- Required action -
Please transcribe only the lines from the one holding "this 1110×625 image." through the final line of the data, both included, with no pictures.

Referring expression grounding data:

--------------------

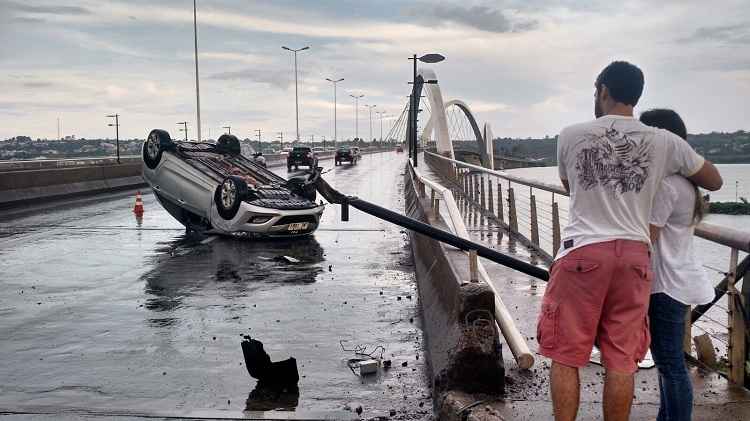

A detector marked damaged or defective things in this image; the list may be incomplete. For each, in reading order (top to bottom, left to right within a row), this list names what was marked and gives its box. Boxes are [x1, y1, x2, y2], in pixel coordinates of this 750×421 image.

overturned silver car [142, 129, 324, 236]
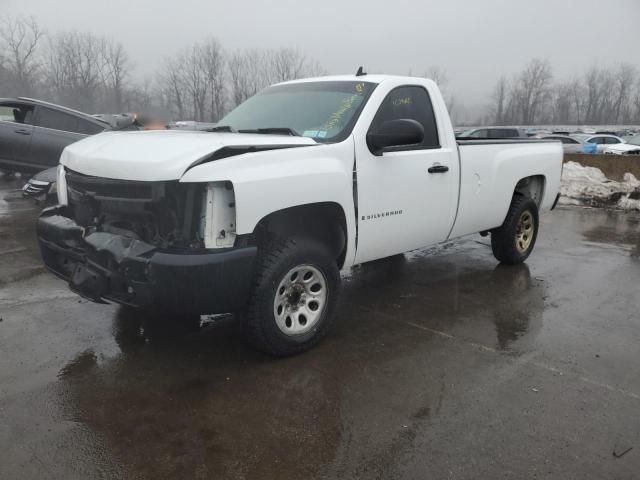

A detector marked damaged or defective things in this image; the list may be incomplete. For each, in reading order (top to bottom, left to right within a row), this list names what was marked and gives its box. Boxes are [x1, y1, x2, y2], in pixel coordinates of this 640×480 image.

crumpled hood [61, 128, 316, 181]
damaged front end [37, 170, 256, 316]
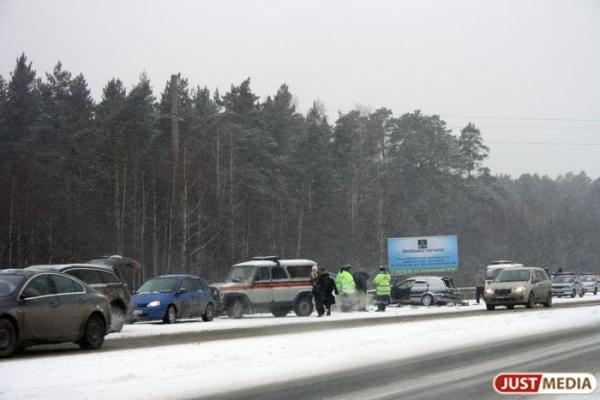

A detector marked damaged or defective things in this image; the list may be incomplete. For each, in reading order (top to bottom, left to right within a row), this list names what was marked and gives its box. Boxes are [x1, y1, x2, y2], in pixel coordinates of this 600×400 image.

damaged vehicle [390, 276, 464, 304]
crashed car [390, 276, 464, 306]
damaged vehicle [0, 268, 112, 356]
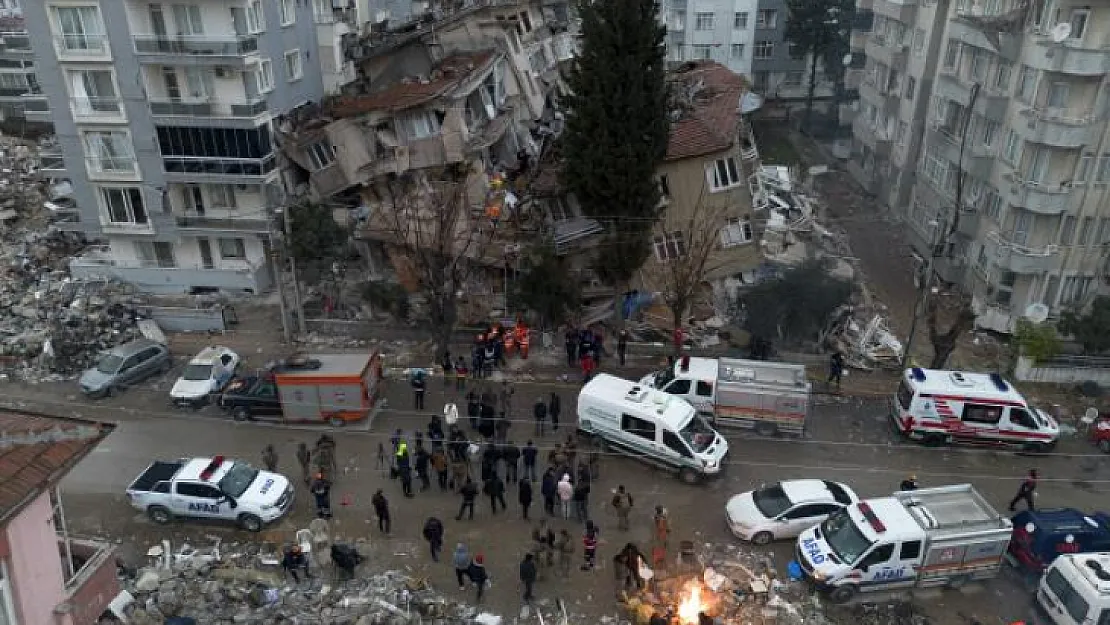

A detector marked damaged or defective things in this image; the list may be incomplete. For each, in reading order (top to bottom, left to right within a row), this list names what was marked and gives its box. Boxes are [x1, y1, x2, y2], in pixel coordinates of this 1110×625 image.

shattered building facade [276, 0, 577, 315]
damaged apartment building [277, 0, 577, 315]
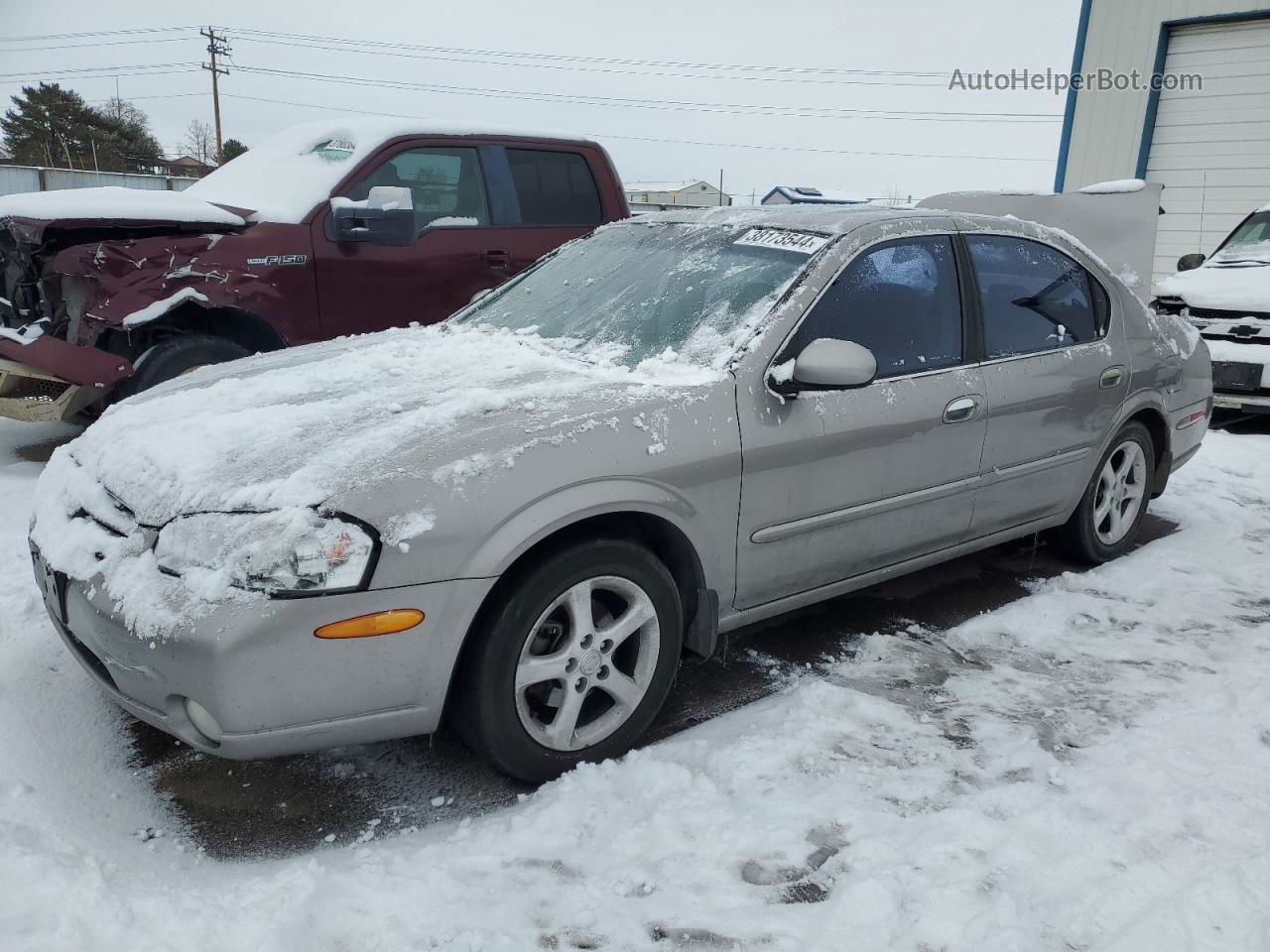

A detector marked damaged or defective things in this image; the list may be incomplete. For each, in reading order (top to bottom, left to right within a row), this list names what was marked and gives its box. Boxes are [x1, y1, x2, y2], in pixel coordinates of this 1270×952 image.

--------------------

- Answer box -
A detector marked damaged or defective things in this image; the list may be incomplete. For each, in reading order (top to bottom, left to right within a row), this list names what was marked and gives its box. Boxes are [x1, y1, x2, y2], in pixel coordinates of this 1110×625 image.

shattered building facade [276, 0, 577, 315]
damaged apartment building [277, 0, 577, 315]

A detector marked damaged or defective things in this image; the list may be incomplete. For each, in reading order (top to bottom, left to right within a row), this list names what was marked and gives its box. Boxes are [x1, y1, x2, y2], in pixel coordinates of this 1270×952 image.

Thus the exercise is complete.